Negotiating for Project Benefit
 

Originally adapted from You Can Negotiate Anything, Audio Cassette, 1990 Audio Renaissance Tapes Inc., Los Angeles, with permission of the original author Herb Cohen.

Subsequently modified to suit web presentation.

Published here,January 2001.

Introduction | Information | Time | Power

Introduction

You're working on a project, right? In fact you are supposed to be in charge, but you don't feel that you have enough authority to get things done, right? You are not alone. In fact that is the way most projects really are. So, how do you get things done?

It's a matter of being able to negotiate. Negotiating is a vital part of every project leader's job. Whether you are negotiating at arms-length for goods and services for the project, or you are negotiating for coworker's commitment to the project, a good understanding of how to negotiate effectively will help considerably.

In every negotiation there are always three crucial components present:

  1. Information. The other side somehow seems to know more about you and your needs than your side knows about theirs.
  2. Time. The other side doesn't seem to be under the same kind of pressure and time constraints that your side feels under.
  3. Power. The other side always seems to have more power and authority than you think you have.

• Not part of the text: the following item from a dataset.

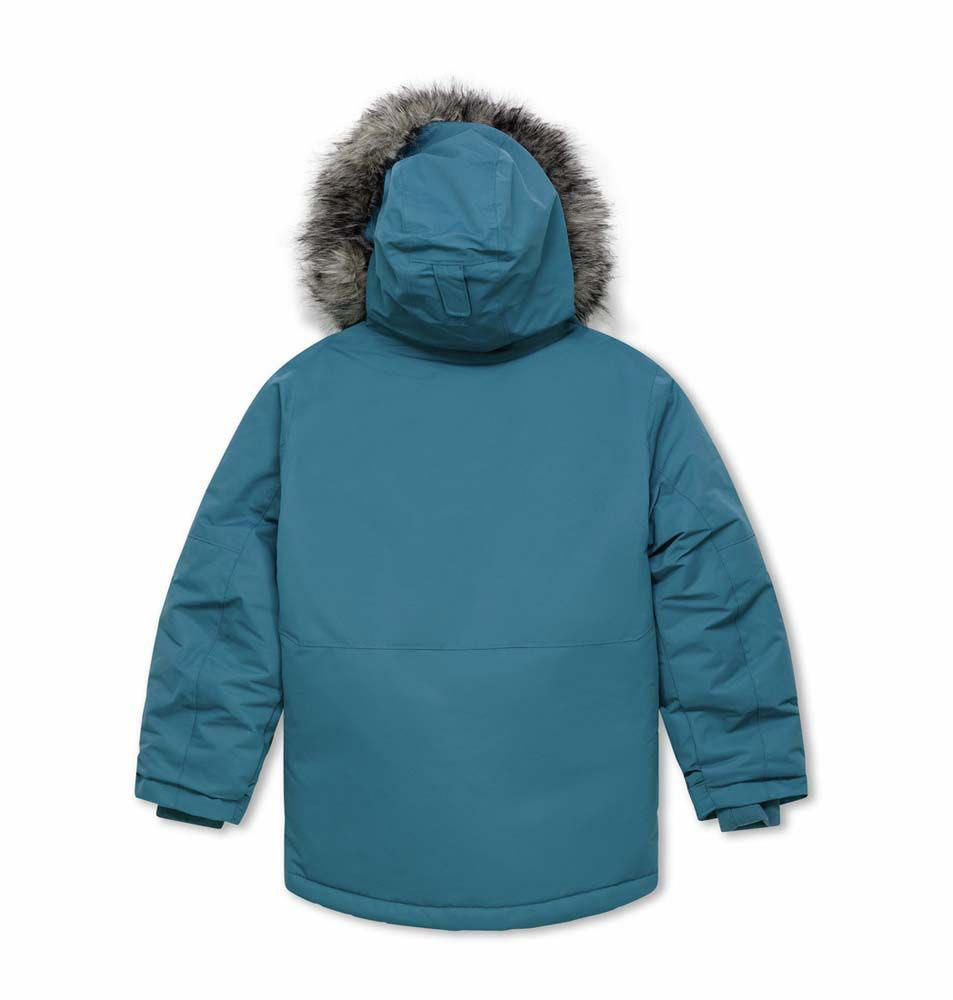 Veste D'Hiver Columbia Nordic Strider 2 Garçon - Isolée Et Imperméable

For many of us, power is a concept with threatening implications stemming from our traditional view of the master slave relationship, and because of those intimidating consequences. For example, power may be employed in a manipulative, coercive or domineering way to control people as an end in itself rather than for achieving a legitimate goal. If there is no commitment to the goal, or the goal is not acceptable, even the most appropriate means will not make it right. Let us examine each of these components in turn.